Es ist soweit. Die heftig umstrittene
Speicherung von Telekommunikationsdaten auf Vorrat ist auch in Deutschland beschlossene Sache. Am heutigen Vormittag hat das Bundeskabinett in Berlin das neue Gesetz verabschiedet, das für eine stärkere Überwachung von Telefon- und Internetverbindungen den Weg bereitet. Die Vorgaben kommen von der Europäischen Union: Die Bundesregierung setzt eine geltende EU-Richtlinie in nationales Recht um.
Ohne konkreten Verdacht
Sechs Monate lang sollen künftig
Internet- und Telefondaten gespeichert werden - und zwar unabhängig davon, ob ein konkreter Verdacht besteht. Festgehalten wird etwa nach einem Telefongespräch, wer wann mit wem von wo aus gesprochen hat.

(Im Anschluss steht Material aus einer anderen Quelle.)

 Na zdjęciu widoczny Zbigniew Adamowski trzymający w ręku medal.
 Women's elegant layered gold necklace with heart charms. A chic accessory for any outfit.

Nur die Gesprächsinhalte bleiben dabei zunächst tabu. Doch auch hier gibt es Ausnahmen: Bei schweren Straftaten darf künftig auch das Telefon komplett überwacht werden.
Bisher mussten die Telekommunikationsanbieter die Verbindungsdaten unverzüglich nach dem Gespräch wieder löschen. Einen Sonderfall bildeten Abrechnungszwecke. Wurden die Daten für die Abrechnung benötigt, so konnten die Telekom-Anbieter diese maximal 90 Tage lang speichern. Datenschützer kündigten bereits an, eine Verfassungsbeschwerde einzureichen, sollte die EU-Richtlinie in Deutschland umgesetzt werden.
Pressefreiheit gefährdet
Die europäischen Sicherheitsbehörden versprechen sich damit, effektiver gegen den Terrorismus vorgehen zu können, denn mit Telefon- und Verbindungsdaten könnten nach Meinung der EU Terroristen leichter und schneller überführt werden. Medien, Datenschützer und Wirtschaftsverbände protestierten gegen das neue Gesetz. Es gefährde die Pressefreiheit, kritisierten etwa der Deutsche Journalisten-Verband und der Deutsche Fachjournalisten-Verband. Journalisten können ihren Informanten nun etwa nicht mehr garantieren, dass sie geschützt sind und auch bleiben. Behörden könnten im Zweifelsfall nun den Informantenschutz aushebeln und auf die gespeicherten Daten zugreifen.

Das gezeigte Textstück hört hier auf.